For Muslims, Ashura is the time to continuously seek repentance and supplicate for our past sins to be forgiven. The Prophet s.a.w. said,
صِيامُ يومِ عاشُوراءَ، إِنِّي أحْتَسِبُ على اللهِ أنْ يُكَفِّرَ السنَةَ التِي قَبْلَهُ
“Fasting on the Day of Ashura, I hope will expiate the sins of the previous year.”
It is a day to repair oneself and return to the pure state of being a good human. Likewise, Jews embody the spirit of atonement through renewing their relationship with God, enhancing spiritual connection by reading the Torah, increasing prayers and seeking forgiveness.
Both Ashura and Yom Kippur are built on the need for introspection, returning gratitude to God and reflecting on one's attitude towards the Creator and His creations.
According to the Jewish tradition, just months after the people of Israel left Egypt in the year 2448 from creation (1313 BCE), they sinned by worshipping a golden calf.
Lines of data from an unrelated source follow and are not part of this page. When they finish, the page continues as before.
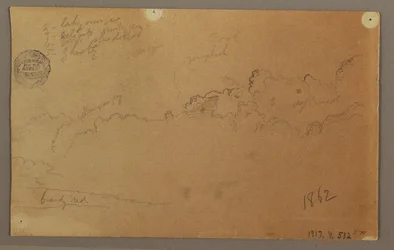 Drawing, Cloudy Sky, 1863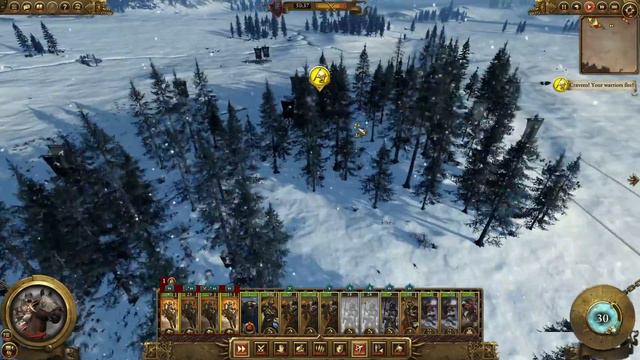 ON THE RUN! - Total War: WARHAMMER Gameplay - Warriors of Chaos Campaign #3 (Archaon) смотреть онлайн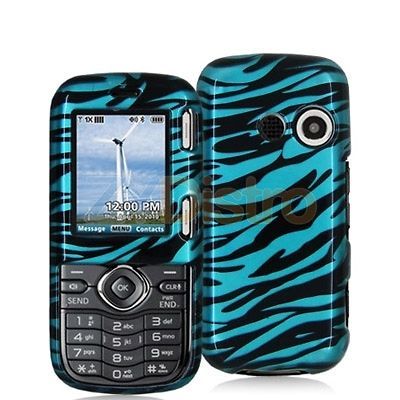 Baby Blue Zebra Case Cover for LG Cosmos / Rumor 2 II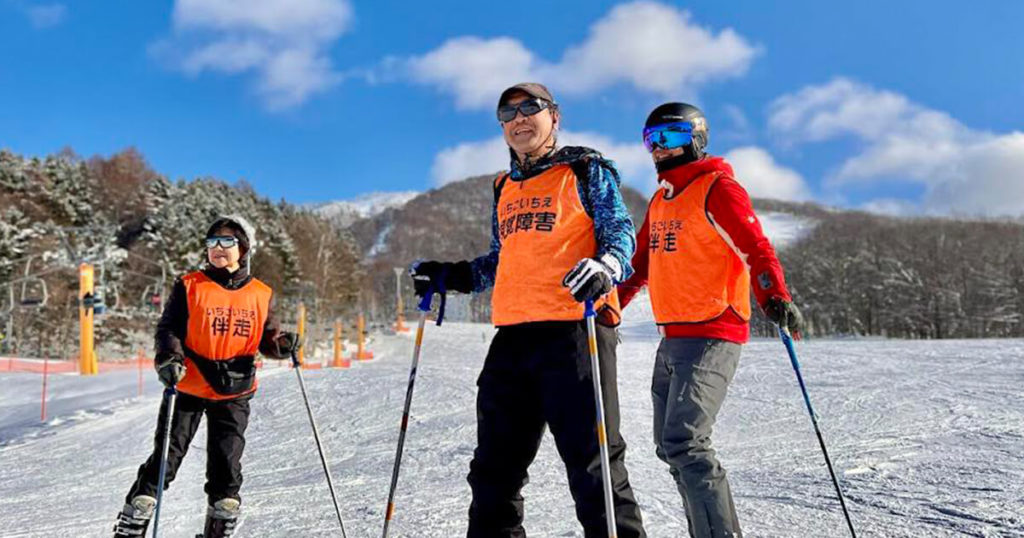 カムイスキーリンクスのゲレンデの様子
Prophet Musa a.s ascended Mount Sinai and prayed to God to forgive them. Hence, Yom Kippur was observed out of this event and therefore it is observed with a solemn manner.
For Muslims, generally, Muharram is a mix of gratitude and grief. Ashura is also a day of mourning the martyrdom of Saiyyidina Hussein r.a, the son of the fourth caliph Saiyyidina Ali r.a. and the grandson of Prophet Muhammad s.a.w, who was killed in the battle of Karbala.
The Shiah tradition spends extensive time observing the tragedy. This includes storytelling, poetry recitation and provides a space for self-reflection.
If Ashura is observed outside of the commemoration of Yom Kippur, then why is it not observed on the same day and month in the Gregorian calendar?
This is because, unlike the Jewish calendar which continues to perform mathematical intercalation to remain in alignment with the solar calendar, the Islamic calendar sticks to its twelve lunar months. This calculation means that the Islamic calendar moves ahead of the solar calendar by about eleven days every year.
Nonetheless, the Muslim fast of Ashura will coincide with the Jewish fast of Tisha b’Av (Av 9th) next year in 2022. Both events carry the element of introspection and mourning.
Perhaps this can be a good opportunity for a dialogue between the two faith communities using the events above. Questions such as what does the idea of gratitude, empathy and suffering mean to us and them and how can sharing these stories help to create a better understanding, dispel misconception and confront disagreement respectfully between the two faith communities.
Before publication, this article was shared with interfaith friends of Harmony Centre.